Bolivia unrest continues despite government deal with miners

LA PAZ - The Bolivian government struck a deal with protesting miners on Friday, but was still grappling with blockades and demonstrations by other workers across La Paz.

However, other groups are still blocking access roads into the city, which is also the seat of government.

On Thursday, police prevented the miners from entering the main square by using tear gas, while the demonstrators hurled stones and explosives with slingshots, an AFP journalist observed.

Protests against the policies of center-right President Rodrigo Paz, in power since November, have convulsed the Andean nation since early May, and roadblocks were choking routes into La Paz throughout Friday, the national road authority said.

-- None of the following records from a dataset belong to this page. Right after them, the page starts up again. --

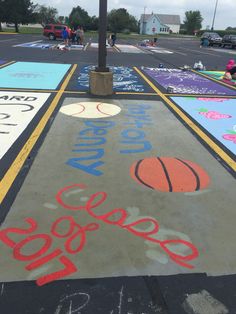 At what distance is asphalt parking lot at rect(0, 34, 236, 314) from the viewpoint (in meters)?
2.92

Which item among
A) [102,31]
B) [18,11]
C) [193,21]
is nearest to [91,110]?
[102,31]

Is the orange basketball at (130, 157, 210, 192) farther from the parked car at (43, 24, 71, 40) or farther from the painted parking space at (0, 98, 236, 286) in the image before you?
the parked car at (43, 24, 71, 40)

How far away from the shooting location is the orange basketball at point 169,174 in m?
4.80

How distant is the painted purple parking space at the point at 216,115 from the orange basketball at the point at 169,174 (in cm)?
141

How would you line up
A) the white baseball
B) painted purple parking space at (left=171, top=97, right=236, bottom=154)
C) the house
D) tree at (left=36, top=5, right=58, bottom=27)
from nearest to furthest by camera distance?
painted purple parking space at (left=171, top=97, right=236, bottom=154) → the white baseball → tree at (left=36, top=5, right=58, bottom=27) → the house

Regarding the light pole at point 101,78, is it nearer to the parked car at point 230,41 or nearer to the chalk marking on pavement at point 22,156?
the chalk marking on pavement at point 22,156

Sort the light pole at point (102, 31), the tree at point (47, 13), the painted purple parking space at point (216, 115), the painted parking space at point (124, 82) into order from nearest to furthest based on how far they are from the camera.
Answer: the painted purple parking space at point (216, 115) < the light pole at point (102, 31) < the painted parking space at point (124, 82) < the tree at point (47, 13)

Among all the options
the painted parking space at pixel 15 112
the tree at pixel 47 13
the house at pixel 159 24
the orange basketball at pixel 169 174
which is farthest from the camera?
the house at pixel 159 24

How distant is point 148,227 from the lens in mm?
3814

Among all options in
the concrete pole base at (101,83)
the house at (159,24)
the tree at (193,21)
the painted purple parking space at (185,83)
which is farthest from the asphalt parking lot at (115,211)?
the house at (159,24)

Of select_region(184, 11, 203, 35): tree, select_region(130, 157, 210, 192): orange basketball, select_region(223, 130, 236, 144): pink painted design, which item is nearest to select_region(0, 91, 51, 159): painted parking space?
select_region(130, 157, 210, 192): orange basketball

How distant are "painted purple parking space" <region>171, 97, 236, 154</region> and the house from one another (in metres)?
118

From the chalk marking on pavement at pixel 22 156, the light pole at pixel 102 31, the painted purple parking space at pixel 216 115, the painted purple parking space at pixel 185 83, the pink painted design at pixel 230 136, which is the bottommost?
the painted purple parking space at pixel 185 83

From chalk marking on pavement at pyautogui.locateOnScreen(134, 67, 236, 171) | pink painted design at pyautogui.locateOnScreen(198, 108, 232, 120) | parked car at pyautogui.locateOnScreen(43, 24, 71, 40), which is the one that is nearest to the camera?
chalk marking on pavement at pyautogui.locateOnScreen(134, 67, 236, 171) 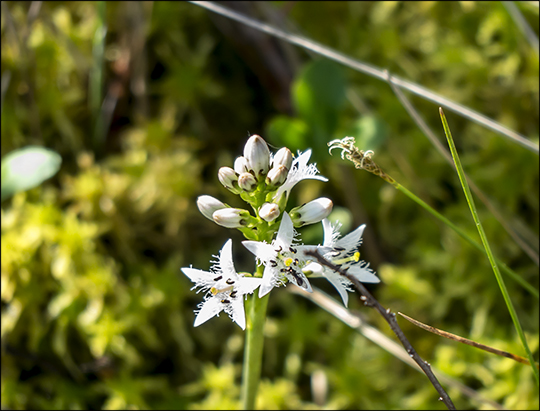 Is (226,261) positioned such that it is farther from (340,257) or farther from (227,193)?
(227,193)

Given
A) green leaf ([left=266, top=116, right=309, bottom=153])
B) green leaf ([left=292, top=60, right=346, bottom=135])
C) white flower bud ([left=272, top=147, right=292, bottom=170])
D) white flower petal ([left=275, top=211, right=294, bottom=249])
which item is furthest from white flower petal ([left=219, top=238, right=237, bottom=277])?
green leaf ([left=292, top=60, right=346, bottom=135])

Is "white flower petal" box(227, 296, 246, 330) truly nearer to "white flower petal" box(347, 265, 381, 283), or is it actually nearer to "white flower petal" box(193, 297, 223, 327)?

Miners demonstrating on Thursday demanded that Paz resign, arguing that he has not addressed their demands, which include the provision of fuel and work equipment.

Early Friday morning, the government said it had reached a deal with the protesters following "almost 12 hours of talks," Economy Minister Jose Gabriel Espinoza told reporters.

He said the negotiated agreement would be announced in due course, without providing further details.

"We mainly had nine points, all of which have been addressed successfully," Oscar Chavarria, president of Potosi's Federation of Mining Cooperatives, confirmed.

In a joint statement issued on Friday, the governments of Argentina, Chile, Peru, Ecuador, Costa Rica, Paraguay, Panama, and Honduras expressed their concern about the situation in Bolivia.

"We reject any action aimed at destabilizing the democratic order," the group said. "We urge all political and social actors to channel their differences by prioritizing dialogue, respect for institutions, and the preservation of social peace."

Paz won elections last year that marked a shift to the right after two decades of socialist rule.

He promised to end Bolivia's worst economic crisis in four decades, marked by an acute shortage of foreign currency and fuel.

Paz scrapped the two-decade-old fuel subsidies that had drained the treasury's international dollar reserves, but so far has failed to stabilize fuel supplies.

Now he is under pressure from all sides.

Schoolteachers, transportation workers, Indigenous people, and other Bolivians have taken to the streets, calling for wage increases, economic stability, and an end to the privatization of state-owned companies.

The Bolivian Highway Administration warned that roadblocks on routes leading into La Paz were preventing food supplies from entering the capital.

The government has been getting food into the city via air transport since Saturday -- a common response to protest blockades in Bolivia.

Argentina provided two aircraft to get food around the blockades and into the city, Jose Luis Galvez, a spokesperson for the Bolivian presidency, said Friday.

The prices of meat, chicken, and some vegetables skyrocketed in some supermarkets this past week, after year-over-year inflation hit 14 percent in April.